What this task involves ▸ An exact reproduction of the listing, minus the pictures, is the required output.

Source material ▸
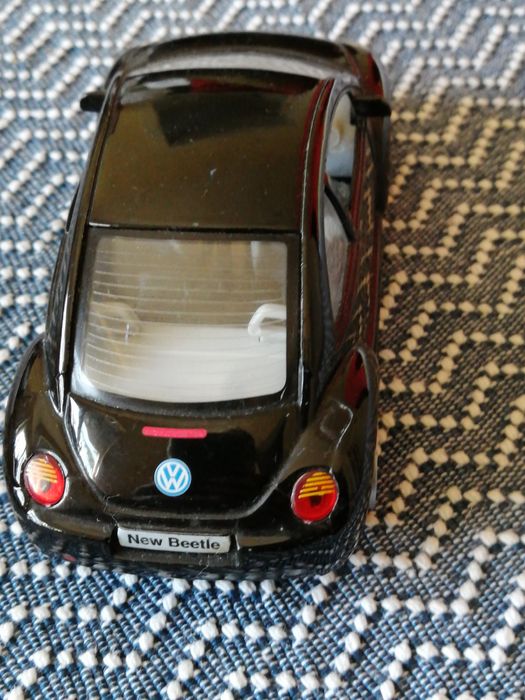 Метални колички.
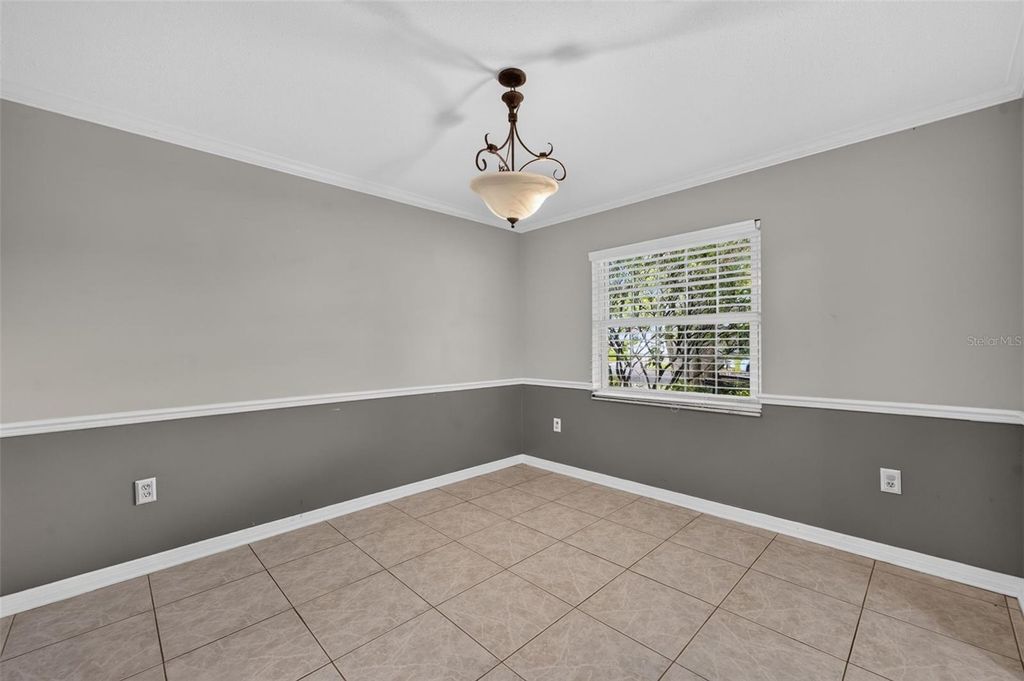 Image 10 of property listing at 3240 TOURAINE AVENUE, Orlando, FL 32812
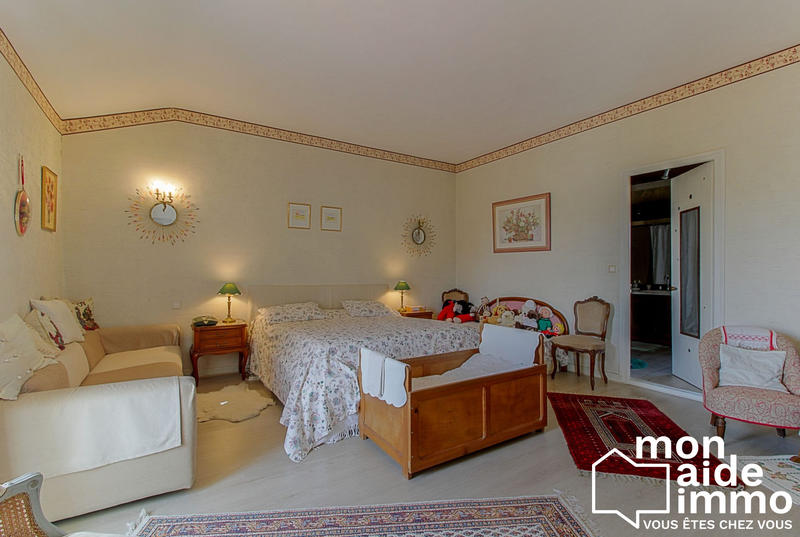 Maison - 311 m² - 7 pièces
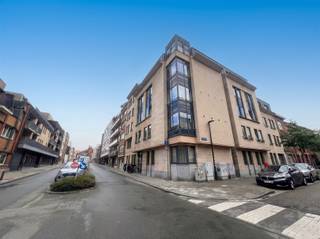 <p><span>Gelegen op wandelafstand van het station en het historisch centrum van Leuven en vlakbij de winkelstraten, stellen wij deze lichtrijker en gemeubelde studio te huur. </span></p><p><span>Deze mooie studio op de derde verdieping van een welonderhouden residentie, genaamd De Nervier, met als bouwjaar 1993, werd recent volledig gerenoveerd volgens de regels van de kunst, heeft een netto-bewoonbare oppervlakte van 24m² en beschikt over een ingerichte kitchenette met inductiekookplaat, dampkap, spoelbak, inbouw combioven en inbouw koelkast met vriesvak,  een leeft- en slaapruimte met mooie parket vloer en een inbouwkast, inclusief was- en droogmachine, en een aparte badkamer met lavabo, douche en toilet. Tevens is er nog een ondergrondse gemeenschappelijke fietsenstalling alsook een vuilnislokaal aanwezig.</span></p><p><span>Kortom, deze cosy en gemeubelde studio is zeker uw bezoek waard en is onmiddellijk beschikbaar. De maandelijkse lasten bedragen 100 euro (inclusief water). </span></p>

Response area ▸
 Метални колички.
 Image 10 of property listing at 3240 TOURAINE AVENUE, Orlando, FL 32812
 Maison - 311 m² - 7 pièces
 <p><span>Gelegen op wandelafstand van het station en het historisch centrum van Leuven en vlakbij de winkelstraten, stellen wij deze lichtrijker en gemeubelde studio te huur. </span></p><p><span>Deze mooie studio op de derde verdieping van een welonderhouden residentie, genaamd De Nervier, met als bouwjaar 1993, werd recent volledig gerenoveerd volgens de regels van de kunst, heeft een netto-bewoonbare oppervlakte van 24m² en beschikt over een ingerichte kitchenette met inductiekookplaat, dampkap, spoelbak, inbouw combioven en inbouw koelkast met vriesvak,  een leeft- en slaapruimte met mooie parket vloer en een inbouwkast, inclusief was- en droogmachine, en een aparte badkamer met lavabo, douche en toilet. Tevens is er nog een ondergrondse gemeenschappelijke fietsenstalling alsook een vuilnislokaal aanwezig.</span></p><p><span>Kortom, deze cosy en gemeubelde studio is zeker uw bezoek waard en is onmiddellijk beschikbaar. De maandelijkse lasten bedragen 100 euro (inclusief water). </span></p>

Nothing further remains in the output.